Realitätsbewusstsein
Der Hund hält Patienten durch Körperkontakt bei der Sache. Er hat Bedürfnisse, um die man sich kümmern muss.
Stimmung verbessern
Der Hund darf Fehler machen und spielt den Clown, er ist immer empathisch und bereit unvoreingenommen zu spielen und er reagiert auf Stimmungen.
Durchsetzungsvermögen
Mit dem Hund „nein“ sagen üben, lernen, das Worte eine Auswirkung haben.
Körperspannung
Spastiken lockern durch Lagerung am Hund, Hund sucht Leckerchen in Körpernähe, Hund leckt und lockert somit bestimmte Körperstellen, zum Herstellen von Körperspannung wird z.

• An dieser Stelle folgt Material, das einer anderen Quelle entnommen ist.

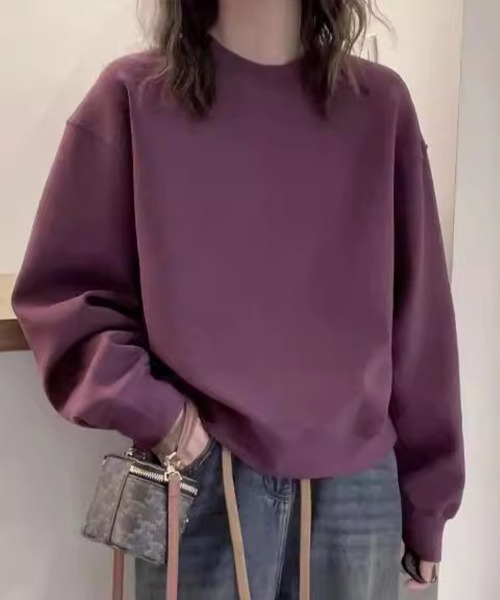 Flugge(フラッジー)の「クルーネックシンプルトップス(その他トップス・レディース・グレー/パープル・MEDIUM/LARGE)」の1枚目の写真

B.
Spielzeug gerollt.
Trauerbewältigung
Nähe, Empathie, Trost durch Körperkontakt und Körpernähe, der Hund als Zuhörer,
Geheimnisbewahrer, Freund. Auch zaubert ein Hund schnell einmal ein Lächeln ins Gesicht. Der Hund wertet und verurteilt nicht. (Therapiehunde, O.J.)